SVC: How it works – Part3 Manipulate your virtual data

ORIGINALLY POSTED 14th December 2008

11,836 views on developerworks

In part 1 of this series I covered the terminology of SVC. Part 2 showed how you would introduce existing volumes into a virtualized environment using SVC. In part 3 I cover the ‘now what’…

Making the most of it

Once you have imported the data, you now have a set of disks that are simply running in ‘image mode’ – its likely you want to make the most of the benefits that SVC can provide. You have various choices.

You could be approaching the end-of-lease of your existing storage, moving to a new vendor, or upgrading to the latest your preferred vendor has to offer. Or maybe you need to move some applications up or down a tier, or just try and get better performance from the tier you are in. All of this can be done using online SVC data migration features.

My Data is now Virtual

You now have SVC presenting your disks to your servers, or host systems. Why does that help. Well now you have one place to go when you need to provision some storage to a host. Where before you had to decide which storage device had some space, would give the right SLA characteristics, could grow over time… now you simply have to decide which SLA is needed.

Online Migration

Because SVC is providing in essence an abstraction layer between virtual disks and physical (or managed disks) the system that is using the virtual disk doesn’t have direct knowledge of where the data lives.
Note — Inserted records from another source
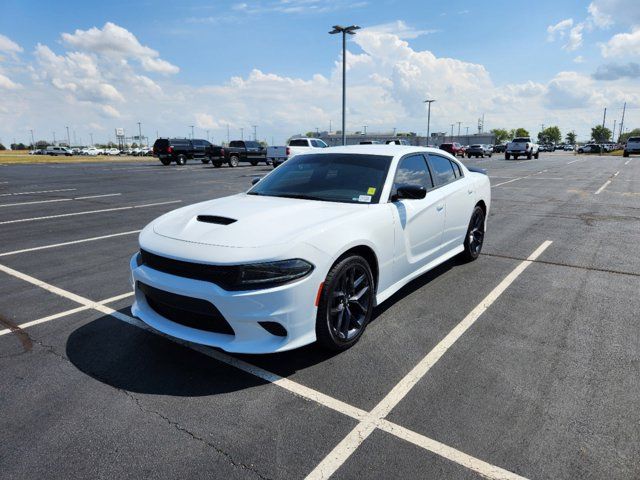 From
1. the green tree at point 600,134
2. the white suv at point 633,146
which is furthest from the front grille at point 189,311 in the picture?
the green tree at point 600,134

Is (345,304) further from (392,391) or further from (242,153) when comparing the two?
(242,153)

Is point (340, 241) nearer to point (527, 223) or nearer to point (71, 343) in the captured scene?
point (71, 343)

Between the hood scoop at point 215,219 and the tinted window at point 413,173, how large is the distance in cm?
159

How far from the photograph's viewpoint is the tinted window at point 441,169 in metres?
5.07

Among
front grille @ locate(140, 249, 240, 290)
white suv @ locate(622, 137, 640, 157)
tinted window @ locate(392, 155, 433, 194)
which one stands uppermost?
white suv @ locate(622, 137, 640, 157)

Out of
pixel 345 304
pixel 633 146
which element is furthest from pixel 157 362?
pixel 633 146

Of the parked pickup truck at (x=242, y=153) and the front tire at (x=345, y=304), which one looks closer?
the front tire at (x=345, y=304)

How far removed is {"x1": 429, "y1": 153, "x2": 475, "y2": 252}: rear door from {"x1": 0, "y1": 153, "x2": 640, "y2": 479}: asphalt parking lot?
1.76ft

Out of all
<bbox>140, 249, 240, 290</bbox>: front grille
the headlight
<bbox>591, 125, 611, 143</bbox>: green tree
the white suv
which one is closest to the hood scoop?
<bbox>140, 249, 240, 290</bbox>: front grille

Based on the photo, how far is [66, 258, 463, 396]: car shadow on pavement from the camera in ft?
9.86

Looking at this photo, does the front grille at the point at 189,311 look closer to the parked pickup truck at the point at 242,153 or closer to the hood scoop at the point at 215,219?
the hood scoop at the point at 215,219

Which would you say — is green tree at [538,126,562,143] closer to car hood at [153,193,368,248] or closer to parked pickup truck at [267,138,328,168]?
parked pickup truck at [267,138,328,168]

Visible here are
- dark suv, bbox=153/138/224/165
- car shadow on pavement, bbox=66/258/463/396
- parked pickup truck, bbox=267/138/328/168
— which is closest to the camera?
car shadow on pavement, bbox=66/258/463/396

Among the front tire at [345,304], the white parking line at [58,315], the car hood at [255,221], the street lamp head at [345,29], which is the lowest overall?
the white parking line at [58,315] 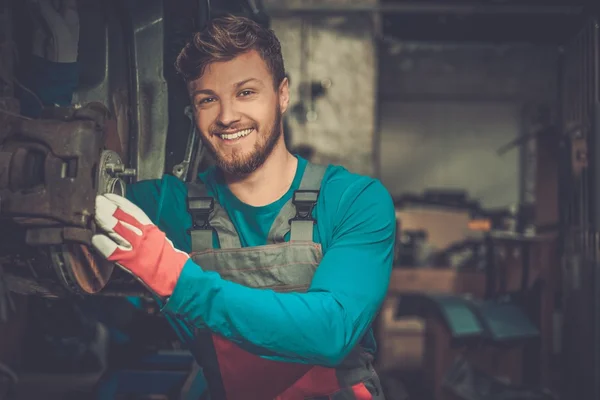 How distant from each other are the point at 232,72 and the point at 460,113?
17.9 feet

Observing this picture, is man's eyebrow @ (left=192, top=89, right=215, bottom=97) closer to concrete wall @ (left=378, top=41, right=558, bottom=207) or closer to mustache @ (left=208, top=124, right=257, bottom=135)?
mustache @ (left=208, top=124, right=257, bottom=135)

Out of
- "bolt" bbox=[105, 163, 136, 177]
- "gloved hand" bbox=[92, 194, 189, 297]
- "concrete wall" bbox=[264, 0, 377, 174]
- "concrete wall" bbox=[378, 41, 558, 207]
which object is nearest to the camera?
"gloved hand" bbox=[92, 194, 189, 297]

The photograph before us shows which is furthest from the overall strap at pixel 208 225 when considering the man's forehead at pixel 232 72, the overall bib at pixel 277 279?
the man's forehead at pixel 232 72

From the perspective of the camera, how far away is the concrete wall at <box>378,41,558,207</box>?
644cm

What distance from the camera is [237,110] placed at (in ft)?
4.77

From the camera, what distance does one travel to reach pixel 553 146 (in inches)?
119

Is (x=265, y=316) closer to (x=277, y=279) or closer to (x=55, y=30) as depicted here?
(x=277, y=279)

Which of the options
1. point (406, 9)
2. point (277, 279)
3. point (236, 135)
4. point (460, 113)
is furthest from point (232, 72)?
point (460, 113)

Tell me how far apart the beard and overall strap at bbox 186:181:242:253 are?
0.28ft

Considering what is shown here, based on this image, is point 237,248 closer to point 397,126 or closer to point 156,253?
point 156,253

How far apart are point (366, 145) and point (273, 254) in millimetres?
3279

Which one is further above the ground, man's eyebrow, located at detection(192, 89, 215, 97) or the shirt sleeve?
man's eyebrow, located at detection(192, 89, 215, 97)

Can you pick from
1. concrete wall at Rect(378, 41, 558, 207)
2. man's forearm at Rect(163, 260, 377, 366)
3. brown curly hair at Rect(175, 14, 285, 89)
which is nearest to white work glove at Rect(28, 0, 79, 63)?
brown curly hair at Rect(175, 14, 285, 89)

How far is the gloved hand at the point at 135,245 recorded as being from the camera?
1.14 metres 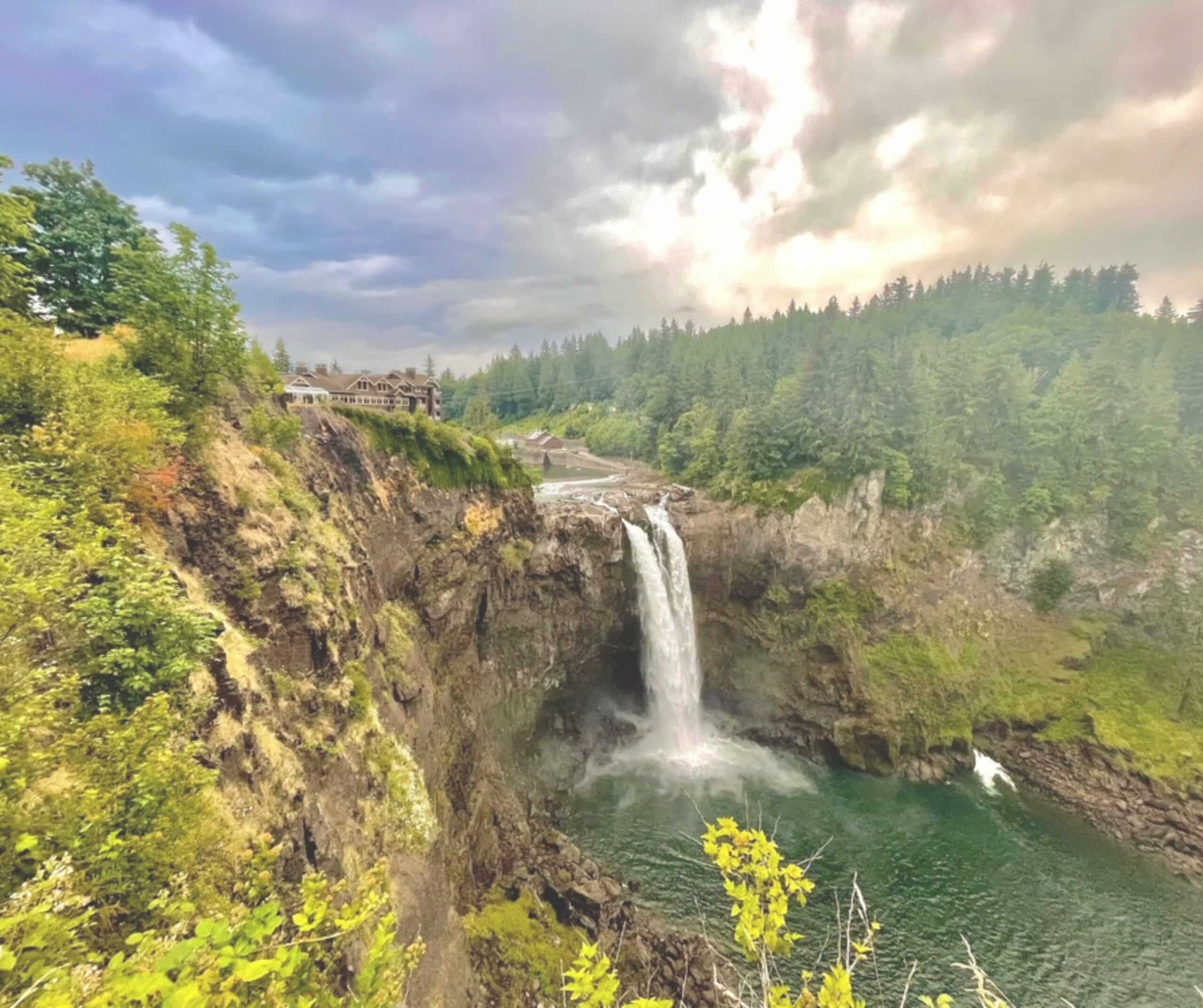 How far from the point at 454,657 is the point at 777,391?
3574cm

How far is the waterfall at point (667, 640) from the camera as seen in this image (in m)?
33.8

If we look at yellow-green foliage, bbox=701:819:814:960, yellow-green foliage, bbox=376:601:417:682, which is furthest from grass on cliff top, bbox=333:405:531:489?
yellow-green foliage, bbox=701:819:814:960

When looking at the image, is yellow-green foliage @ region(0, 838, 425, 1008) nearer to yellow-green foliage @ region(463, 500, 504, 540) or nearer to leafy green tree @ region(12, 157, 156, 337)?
leafy green tree @ region(12, 157, 156, 337)

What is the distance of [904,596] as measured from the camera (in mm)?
37750

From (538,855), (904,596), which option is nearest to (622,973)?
(538,855)

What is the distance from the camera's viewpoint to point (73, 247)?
16.0 meters

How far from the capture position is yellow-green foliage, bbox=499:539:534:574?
2930 cm

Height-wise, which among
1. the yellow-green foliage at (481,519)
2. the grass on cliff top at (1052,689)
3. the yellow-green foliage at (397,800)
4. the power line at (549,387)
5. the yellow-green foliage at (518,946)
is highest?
→ the power line at (549,387)

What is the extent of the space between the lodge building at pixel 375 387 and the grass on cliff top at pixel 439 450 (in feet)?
70.7

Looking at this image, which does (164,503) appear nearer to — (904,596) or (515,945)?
(515,945)

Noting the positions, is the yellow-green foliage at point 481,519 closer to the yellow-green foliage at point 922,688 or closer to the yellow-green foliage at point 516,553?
the yellow-green foliage at point 516,553

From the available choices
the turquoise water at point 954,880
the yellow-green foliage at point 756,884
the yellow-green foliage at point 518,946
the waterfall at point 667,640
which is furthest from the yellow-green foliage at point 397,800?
the waterfall at point 667,640

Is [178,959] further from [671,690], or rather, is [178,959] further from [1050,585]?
[1050,585]

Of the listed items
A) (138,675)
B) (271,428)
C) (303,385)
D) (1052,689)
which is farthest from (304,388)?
(1052,689)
This means we can move the physical location of blocks (extents) from one managed disk to another, without the host system even knowing – or most importantly without having to reconfigure the using system or SAN.

Taking the “image mode” virtual disks that you have just imported, you can now move them elsewhere. When you create an image mode vdisk, you specify a “managed disk group” to which it will belong. Think of this as a pool of storage, of the same performance and redundancy characteristic, made of up many different RAID arrays. Thus you may actually have ~100 physical spindles, all protected by RAID-6, but made of of 6+P+S arrays. Thus instead of getting the benefit of just the 8 spindles in a single array, you now can stripe over many tens of arrays.

Lets assume we have just rolled in some new DS5300 storage using RAID-6 arrays, and our existing data was on an HP EVA (not picking on HP, but we do seem to migrate off a lot of these boxes). You create a new managed disk group with say 8 DS5K RAID-6 arrays. You create a temporary managed disk group and add the old EVA LUN to it in image mode. With one single operation “migrate vdisk” you specify the new DS5K managed disk group as the target… some time later you are now running from the DS5K completely and can unmap the old EVA LUN.

In a bit more detail, whats happening in the background is … :

  • SVC looks up the source location of the first extent on the EVA based vdisk.
  • It finds this location and issues a 256K block read at the start of this extent.
  • It decides on which disk to place the first extent on in the new group.
  • It writes the 256K to the new disk.
  • It finds the second 256K block in the source disk… etc
  • Once the entire extent has been copied (cloned really) the location of this extent is updated to reflect that it now resides on the new disk, not the old.
  • The old disk extent is marked as free space.
  • The second extent on the source disk is located … etc etc

During all of this, consistency is maintained as you’d expect and only once the entire extent has been copied (with any merged new writes) is the virtualization mapping table updated to reflect the new location of the extent.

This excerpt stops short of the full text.